With respect to such global challenges, more or less perceived by the masses, what we can observe daily is the fact that so-called “sovereign” entities (nation-states, however big, supranational federations and alliances, international organizations) are largely ineffective if not detrimental. It is this “powerlessness of the omnipotent” (an expression I used in the past to explain the roots of neofascist xenophobia among “petty-white” citizens who try to forget their own social downgrading in calling for the visible discrimination of the Other by “their” States) that generates collective resentments and panics, on which “populists” are riding, but which can also escape their control or push them towards some sort of dictatorship.

On the other hand, we discover with hope and admiration the energy for a renovation of democracy in “assembly” movements like Indignados, the Arab Springs (which also had other dimensions), Occupy Wall Street, Syntagma Square, Gezi Park, Nuit Debout… which in the recent period have truly resurrected the idea of a people both deliberative and active. But we are desperate to see how disarmed they remain before the accumulated and concentrated power of the oligarchy, when it comes to bringing about institutional and policy change. Something more is clearly needed.

Otherwise, the pendulum will shift in the opposite direction in the most brutal manner. Already Trump (who was elected on a “populist” agenda) is orchestrating the clamorous revenge of Wall Street over the “occupy” movement that, obviously, keeps haunting its CEOs. In Erdogan’s Turkey (not to mention the broader Middle East) a “counter-coup” brutally crushes democracy and individual liberties. And everywhere in Europe politicians from left to right compete for the trophy of intolerance. Are we then entering the long night of subjection and anti-politics?

Transnational counter-populism: There is no way however that national-populism can offer solutions to the radical challenges of the day or satisfy the basic demands of the popular majority (made of multiple “minorities”), whether this concerns the protection of populations and their ways of life; or the necessity of regulating the global movements of capitals, goods, and persons; or the articulation of participation with representation within a new form of citizenship that is adapted to the age of multiculturalism and internet communications. Instead, the fundamental question of the place (and the “places”, or “squares”) for living, working, learning, meeting, thinking, struggling in common, that must be created for all citizens, becomes reduced to imaginary and discriminatory scenarios.

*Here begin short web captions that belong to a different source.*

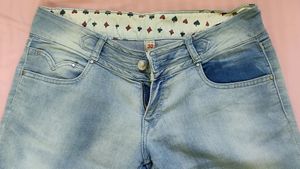 Recap Light Indigo Jeans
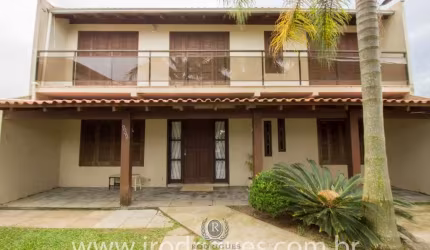Casa 03 dormitórios Torres RS ótima localização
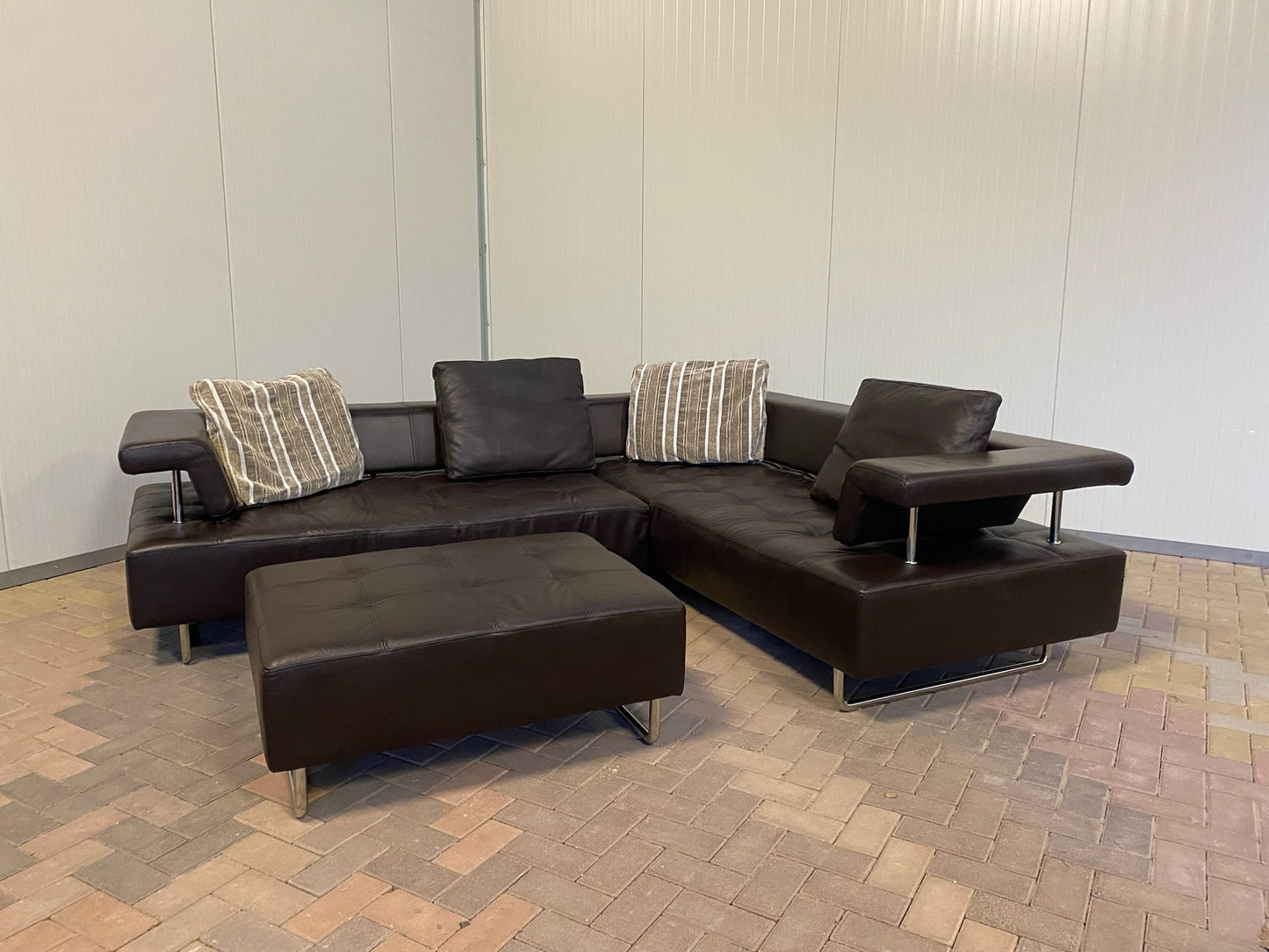 GRATIS LEVERING HEEL BENELUX + DACH Montel Bruin Echt Leer Hoekbank met Poef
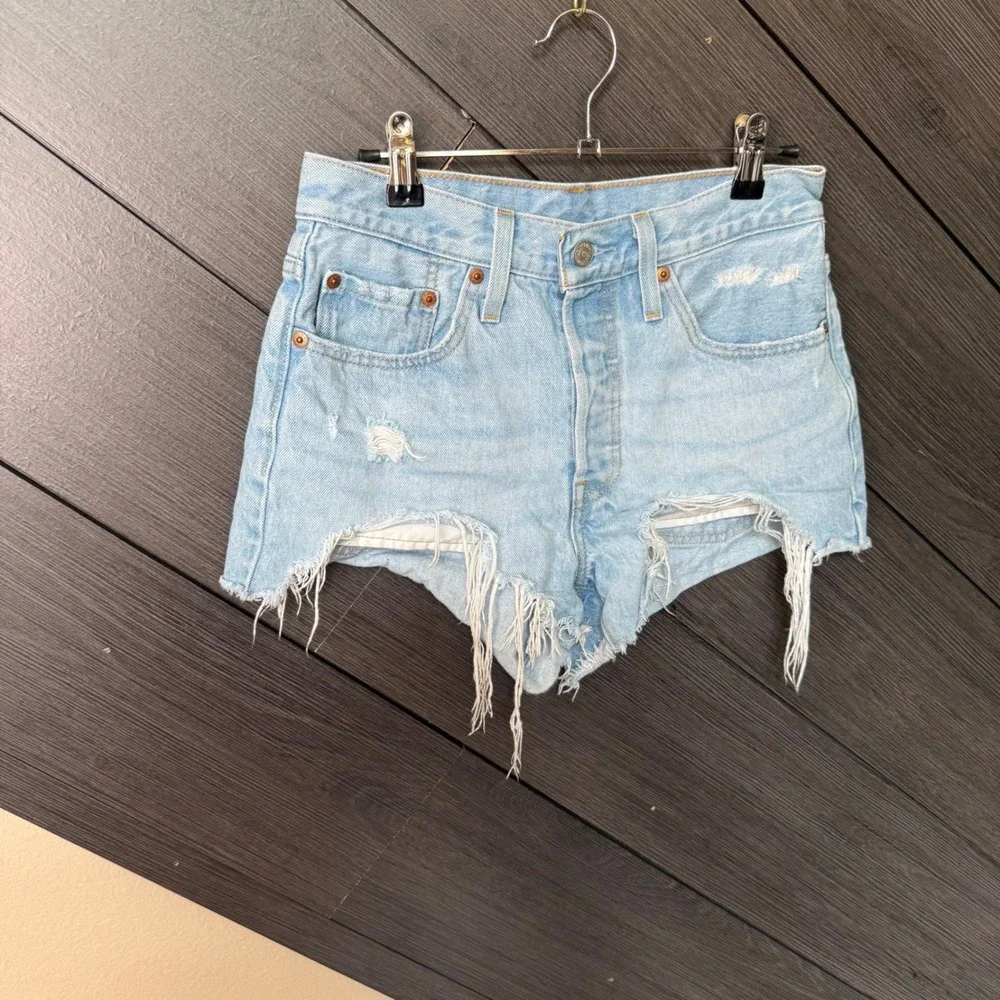 Levi's Women 501 Original Distressed Cutoff Denim Shorts W26 Light Wash Grunge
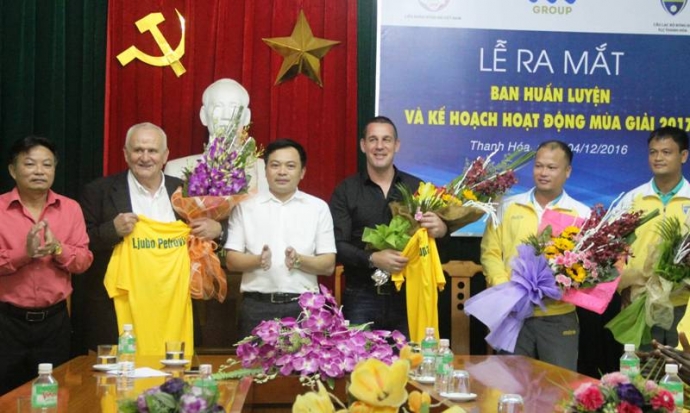 21 đội bóng vĩ đại nhất lịch sử: Cựu HLV Thanh Hóa khiến nhiều đại gia hổ thẹn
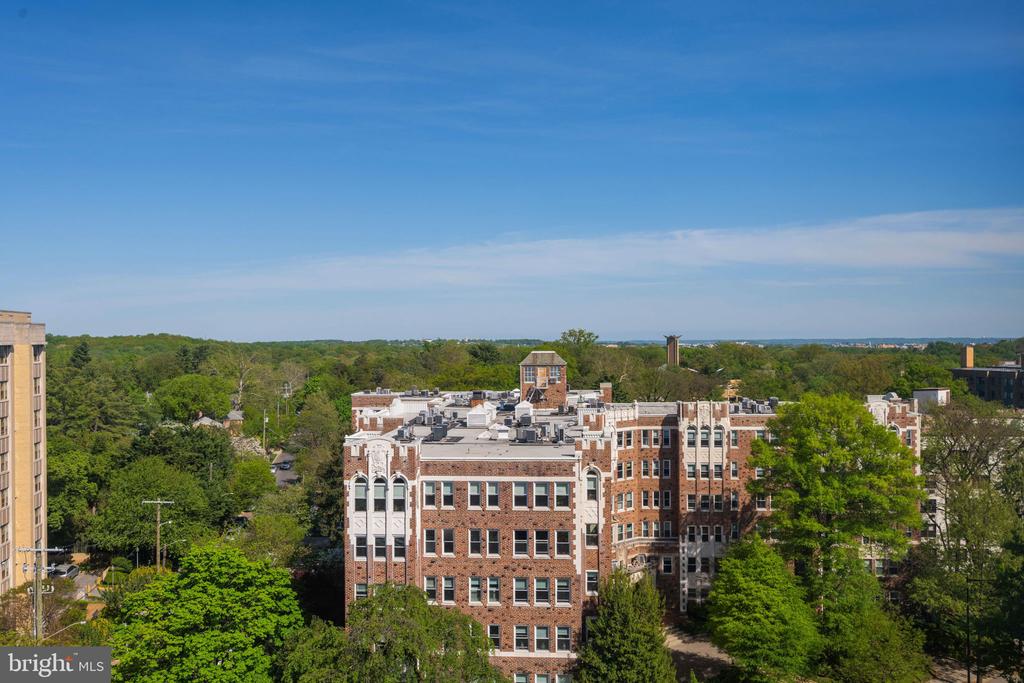 4740 CONNECTICUT AVENUE NW Unit: 1002
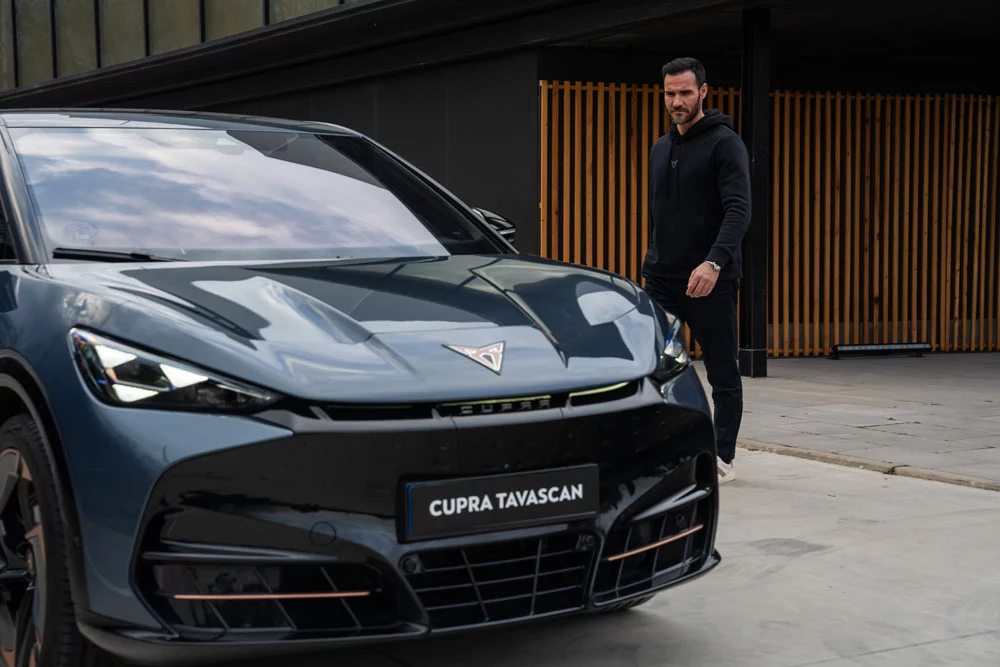 Saul Craviotto Cupra Tavascan6 Motor16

Inexorably, under the Trump presidency or any of his potential European imitators, this will produce more resentment and feelings of insecurity, thus an increased tendency to divert them aggressively towards scapegoats and “internal enemies”. For this reason, but first to counteract as much as we can the devastating effects of national-populisms which are on the rise in one country after another, we must imagine a transnational counter-populism, ceaselessly working to invent its political language and promote its ideals.

Tentatively, speaking in Athens in 2010, I had given this oxymoronic name to the diverse resistances against austerity policies in Europe, in full awareness that it offered neither a program nor a solution to the institutional and social crisis opening up before us at the hands of the EU itself, when it decided to destroy one of its own member states in the name of financial rules devised by the banks and for the banks, and inscribed in the treatises that function as substitutes for a European constitution.

It was (and remains) just a name to indicate that we need a concentration of forces and an assemblage of ideas to recreate a politics made by the people and for the people. With populism, “counter-populism” shares a formal characteristic: criticizing the dispossession or disempowerment of the masses in the oligarchic regime. Against populism, it doesn’t confer the task of ending dispossession to the dispossessors themselves, but seeks and requires the empowerment of the citizenry, therefore pushing its capacity beyond the limits and across the borders that in the past defined the political.